La Rai dal canto proprio in tutti questi anni ha utilizzato la rendita del gatekeeper per mantenere il pluralismo anni ’70, a base di Testate multiple e sempre meno scoppiettanti. Un “pluralismo burocratico”, ma anche afono e insensato nei confronti dei 40 milioni di italiani che quando quelle cose godevano di senso erano appena fanciulli o giocavano con gli angeli.
La Rai alle strette
Le tabelle in cui Mediobanca accosta e confronta “I protagonisti del settore radiotelevisivo pubblico in Europa” mostrano una Rai in ottima salute, come un corpo pronto per un futuro anche migliore. Viene sottolineato, ad esempio, il margine positivo in aumento (meglio di francesi e spagnoli) e una audience più che cospicua tanto nell’insieme quanto nei TG diurni e serali. Ma si tratta, per chi sa guardare da vicino, del belletto sulle gote di un malato terminale.
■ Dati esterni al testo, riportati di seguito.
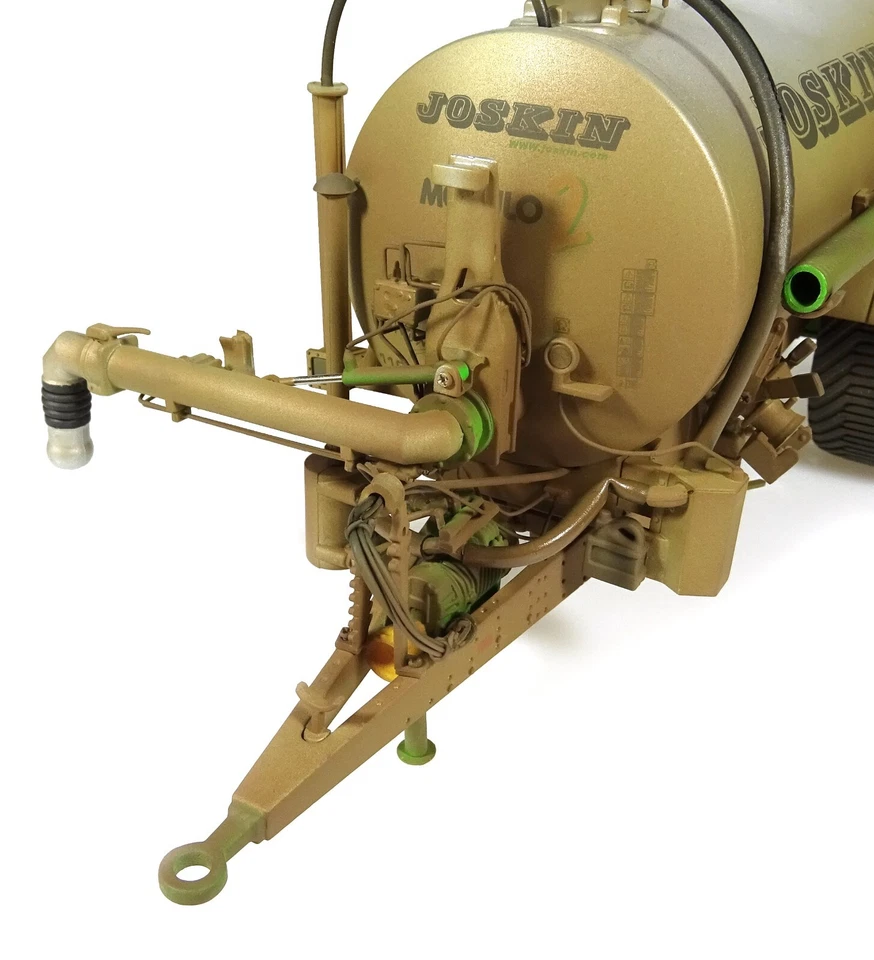 Universal Hobbies 1:32 Joskin Modulo 2 11000 ME Slurry Tanker Diecast UH4977 - Image 2 of 4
L’azienda pubblica italiana, a raccontarlo in brevissime parole, ha bisogno di riforme sia da fuori (la “governance”, per distanziare i vertici sia dal Parlamento che dal Governo) sia da dentro (circa l’assetto editoriale e organizzativo). Riforme che costano, nella loro scala, né più né meno di tante incastonate nel PNNR quanto a Giustizia, Tasse e Ambiente.
Ma le tabelle 41 e 42 del rapporto Mediobanca mettono un pietrone su questa prospettiva perché mostrano che il canone italiano oltre ad essere, di gran lunga, il più basso della UE (0,36% del PIL rispetto allo 0,5% ed oltre di Francia, Germania e Regno Unito) è anche spudoratamente saccheggiato da Governo e Parlamento che ne hanno stroncato l’evasione solo per ridurlo in favore di elettore e distoglierne, dai 90 euro residui, il 13% ad altri fini.
Lunga e aspra è in sostanza la via italiana per uscire dai rottami del Duopolio verso il Servizio Pubblico e il Mercato adatti allo sviluppo globale di Media e Intrattenimento. Non potendo neppure contare sulla spinta pro riforme della UE , perché quando c’è di mezzo la comunicazione ogni mondo politico fa il padrone a casa sua. Intanto, restando come stiamo, restiamo periferia in uno dei settori avviati allo sviluppo più esplosivo.